Analysing Air Quality Data with R

View the full code in my Github profile.

DATASET SOURCE
UCI Machine Learning Repository.
It comprises 9358 observations of 10 sensor responses, aimed at measuring 6 different pollutants.

OVERVIEW
The primary focus is on tropospheric ozone, also known as ground-level ozone. Ozone, in general, plays a dual role in the atmosphere.
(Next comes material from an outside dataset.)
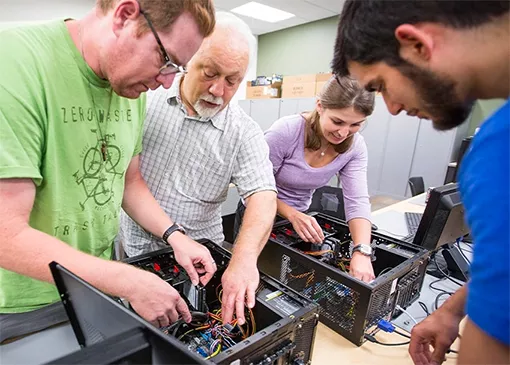 information technology students upgrading computing hardware
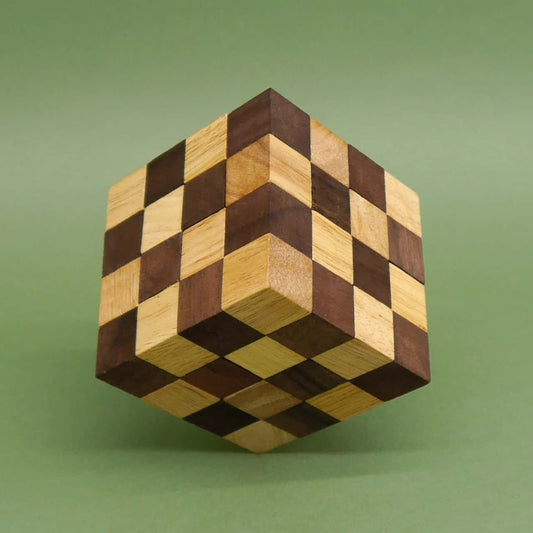 Perfekt zusammengesetzter Würfel als Denkspiel, schachbrettartig gemustert aus zweifarbigen Holzwürfeln, scheinbar schwebend über grünem Untergrund.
Stratospheric ozone protects life on Earth by absorbing harmful UV radiation, while tropospheric ozone (the central subject of this work) is a pollutant formed through chemical reactions in the lower atmosphere, associated with air quality concerns and potential health issues.

DATA CLEANING AND PREPROCESSING
(1) Perform data reformatting to ensure numeric consistency.
(2) Adjustments to the Date and Time variables to make them compatible with R.
(3) Create two categorical features, "Day" and "Season".

EXPLORATORY DATA ANALYSIS
Upon exploring the dataset, the contamination gas levels were shown lower during the night (except for Nitrogen oxides), while not significant variations were detected across different seasons. The data also confirmed the presence of missing data in all variables, which were marked with the value -200, as specified in the UCI Repository. These missing values will need to be addressed in our data analysis and modelling.

MISSING DATA
A total of 16701 missing data points were identified in the dataset, marked with the value -200, with the Non-Methane Hydrocarbons (NMHC) variable had the highest number of missing entries. To address these gaps, the missing data was imputed by replacing them with the corresponding day's average value. This imputation strategy allows to maintain data consistency and continue our analysis while accounting for the missing information.

CORRELATION
Analysis of correlations was conducted, revealing significant insights into the factors influencing ozone levels. The findings indicate that ozone exhibits strong positive correlations with most gases, suggesting their potential contributions to ozone formation.
However, there is a negative correlation with Nitrogen Oxides (NOx), a relationship influenced by various complex factors. While nitrogen oxides plays a role in the formation of ground-level ozone (O3), the interaction between NOx and ozone is complicated, and is not a straightforward one-to-one relationship.
Understanding the nuanced dynamics between these atmospheric variables requires a detailed examination of the specific context and data sources, as various factors can influence their interactions.

BUILDING THE MODEL
Given the characteristics of the dataset, a Linear Regression model opted to employ. The approach involved the data partitioning into training and test sets, applying cross-validation techniques, and fine-tuning the machine learning parameters for optimisation.
The results of the model are promising, with an R-squared value of 0.9181, indicating a strong fit of the model to the data. Furthermore, when examining the visual plot of predicted values against actual values, a good fit was observed, particularly in the lower ranges of carbon monoxide levels.